Daniel James Smith, 21, of Grecian Street North, Salford, admitted writing “Lee Rigby’s killers should hang” on the memorial in central London on June 5 – a monument he did not realise was a war memorial.
Colleen Gildernew, defending, said: “He had no idea that the war memorial was a war memorial. He is very disgusted with himself, even more so because of that.”
Smith also daubed “EDL” and “F*** the police” on the memorial in Green Park, prosecutor Izolda Switala-Gribbin said.
Smith was planning on going to Fusilier Rigby’s funeral but was arrested and could not go, Westminster Magistrates’ Court heard.
Ms Gildernew said Smith had applied for a job in the British Army but was unsuccessful “because of his convictions as a young boy”. The court heard Smith has 44 convictions and has appeared in different courts five times this year.
Ms Gildernew said the experiences of Smith’s two army friends – one who has lost both legs and another who suffers from memory loss as the result of a bomb – had an “emotional impact on him”.
The damage to the memorial, which was created to remember the thousands of RAF crew who lost their lives in the Second World War, amounted to £870.
The memorial was vandalised twice in just over a week following the murder of Fusilier Rigby in Woolwich, south east London, on May 22.
District Judge Quentin Purdy described the content of the graffiti inflicted on June 5 by Smith, and its location, as “highly emotive”. He added that Smith’s actions clearly challenged the “tolerance we all seek to see in society”.

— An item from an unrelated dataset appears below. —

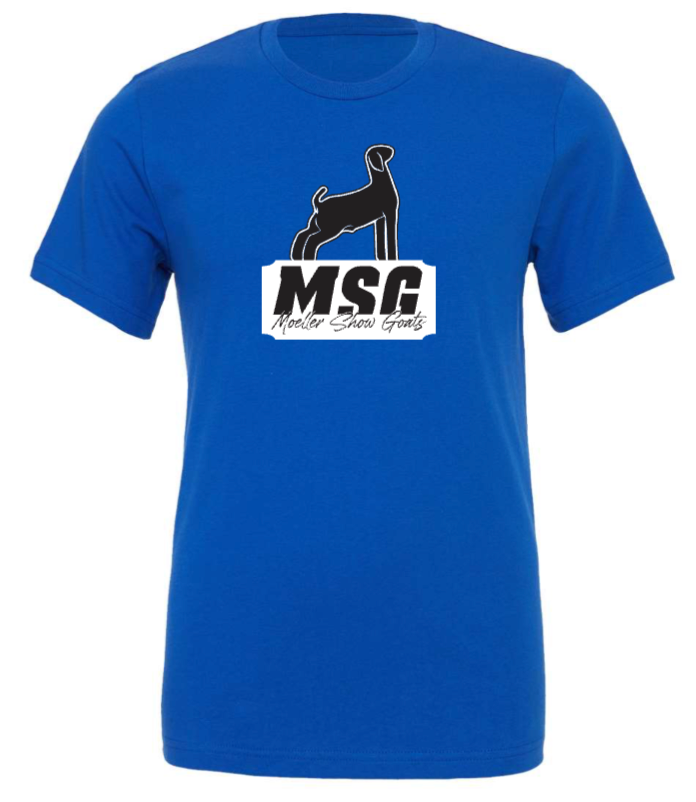MSG | Bella & Canvas Blue Tee | Unisex & Youth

Mr Purdy said people will want to know what the court is doing about people, “brains in gear or not”, who inflict such damage.
The judge said he was prepared to explore all “reasonable options” for Smith moving on rather than being sent back into custody.
But he said a custodial sentence was a possibility, adding “there may be no alternative”.
Mr Purdy told Smith his punishment should “reflect the public’s concern about your criminal conduct”.